Every Love Story is a Ghost Story se titula la biografía del fallecido escritor estadounidense David Foster Wallace, y esta frase se confirma en Dhaulagir, donde las dos historias de amor que se relatan son igualmente fantasmagóricas. Tres amigos de los cuatro que intentaron llegar a la cumbre de la séptima montaña más alta del mundo —los tres que sobrevivieron—, deciden terminar el documental que disparó la aventura y posterior tragedia en el 2008, donde falleció Darío, el líder espiritual de este cuarteto. Más memento mori que in memorian, los sobrevivientes de la expedición a las montañas aledañas a Katmandú, deciden terminar lo que empezaron, completar el documental —esta vez sin salir de Argentina—, y hacer cima metafórica. Lo que no logró su amigo fallecido en la literalidad tan cruda y elemental de los picos nevados. La otra historia de amor latente es la del hombre por la altura, de nuevo léase altura en sus distintas acepciones, un amor platónico por excelencia, que no perturba la indiferencia absoluta de las montañas que, a pesar de su belleza sublime, tan romántica, no pueden amar de vuelta. Porque nada tiene que ver el romanticismo con el amor correspondido.

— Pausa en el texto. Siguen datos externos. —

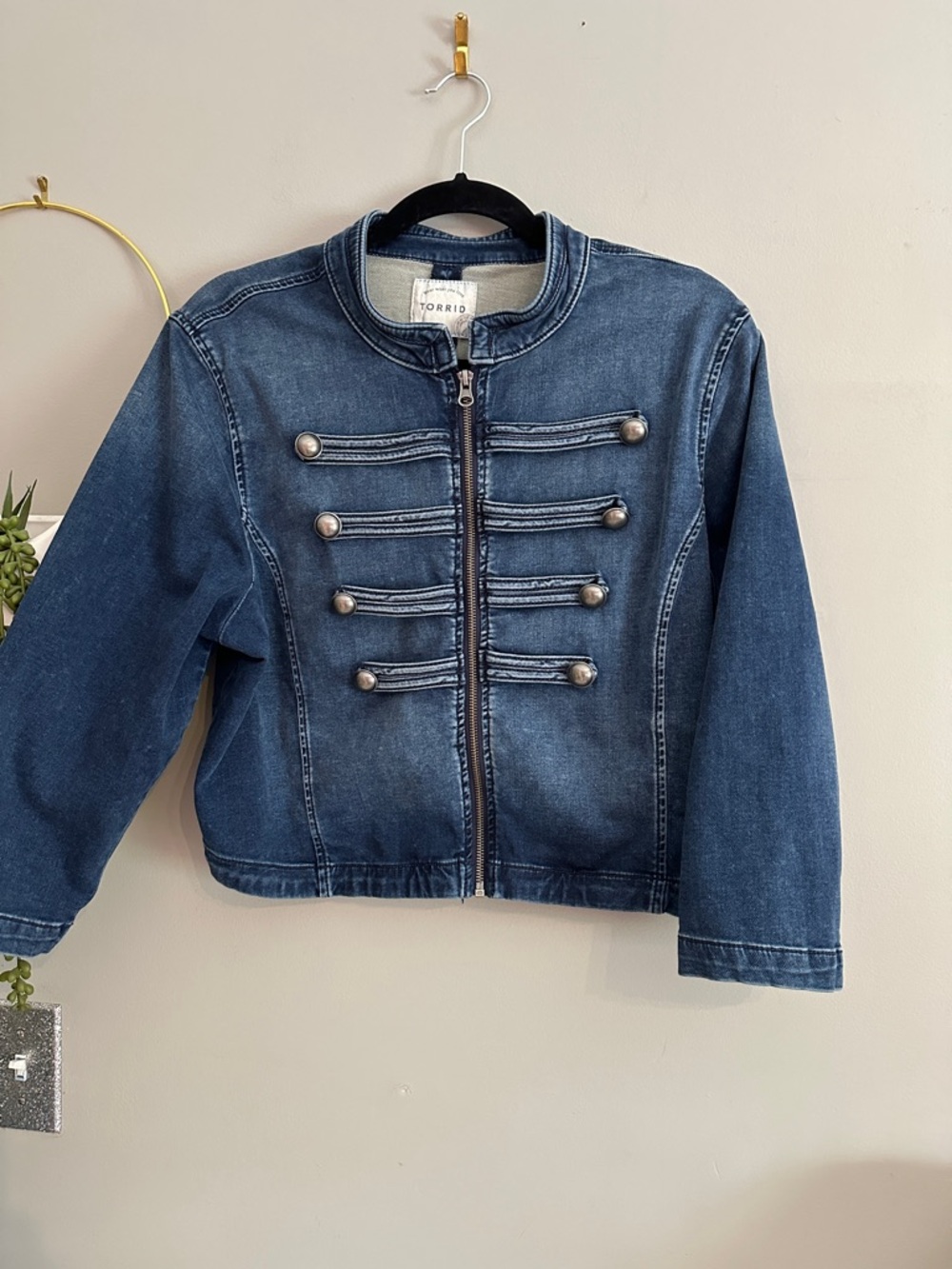 Military-Style Denim Jacket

Conceptos herméticos, frases propias del recién converso: “himalayismo: lo más cerca de sentir lo divino. La esencia máxima de la realización del ser humano.” Slang, idiosincrasias propias del lenguaje sectario: “intentar un ocho mil es tener una oportunidad más de realizar un sueño”. Experiencias sublimes, rayanas en lo trascendental: “el montañismo se basa en hacer que nuestro cuerpo lleve por sus propios medios a nuestra alma donde ésta quiera ir”. Alucinaciones lisérgicas disparadas por la hipoxia: “vi los ojos de Buda… empecé a sentir mantras… entré en un estado místico y espiritual que me salvó”. Palabras que en otro contexto, en otro documental, serían hiperbólicas, acá son justas porque las pronuncian unos locos enamorados que tuvieron su bautismo por fuego, justamente con hielo, en las montañas infinitamente verticales de Nepal. Perdieron un amigo, perdieron la sensibilidad en algunas falanges, pasaron 8 años en silencio, distanciados, adoleciendo (el ocho se repite obstinadamente en el film: en 2008 fue que intentaron subir Dhaulagiri, son sólo catorce las cumbres que superan los ocho mil metros de altura en nuestro planeta, etcétera), pero tenían que escalar lo incomprensible, y aún sin tener un porqué, terminar lo que empezaron.
“El tramo más difícil de vencer, es el mito de la montaña” dice alguno de los tres amigos. Y sí, sea cuál sea, todos tenemos una montaña por escalar. Acá está la muestra tangible de que siempre es posible hacer cumbre, aunque no necesariamente en el momento ni la forma que se pensaba.